Start of Block

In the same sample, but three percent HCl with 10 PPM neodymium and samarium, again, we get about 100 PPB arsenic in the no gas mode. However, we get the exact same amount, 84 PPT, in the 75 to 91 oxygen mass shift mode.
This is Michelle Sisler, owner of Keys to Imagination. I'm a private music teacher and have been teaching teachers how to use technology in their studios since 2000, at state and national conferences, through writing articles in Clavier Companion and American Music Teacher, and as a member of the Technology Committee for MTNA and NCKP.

End of Block
Start of Block

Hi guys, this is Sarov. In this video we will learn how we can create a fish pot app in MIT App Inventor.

End of Block
Start of Block

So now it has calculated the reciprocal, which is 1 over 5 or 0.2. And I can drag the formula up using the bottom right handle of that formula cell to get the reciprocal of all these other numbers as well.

End of Block

**PROBLEM TO SOLVE:**
Using the records above, restate word for word the lines from the one with "In the same" through the one with "This is Michelle", both included.

**EXERCISE SOLUTION:**
In the same sample, but three percent HCl with 10 PPM neodymium and samarium, again, we get about 100 PPB arsenic in the no gas mode. However, we get the exact same amount, 84 PPT, in the 75 to 91 oxygen mass shift mode.
This is Michelle Sisler, owner of Keys to Imagination. I'm a private music teacher and have been teaching teachers how to use technology in their studios since 2000, at state and national conferences, through writing articles in Clavier Companion and American Music Teacher, and as a member of the Technology Committee for MTNA and NCKP.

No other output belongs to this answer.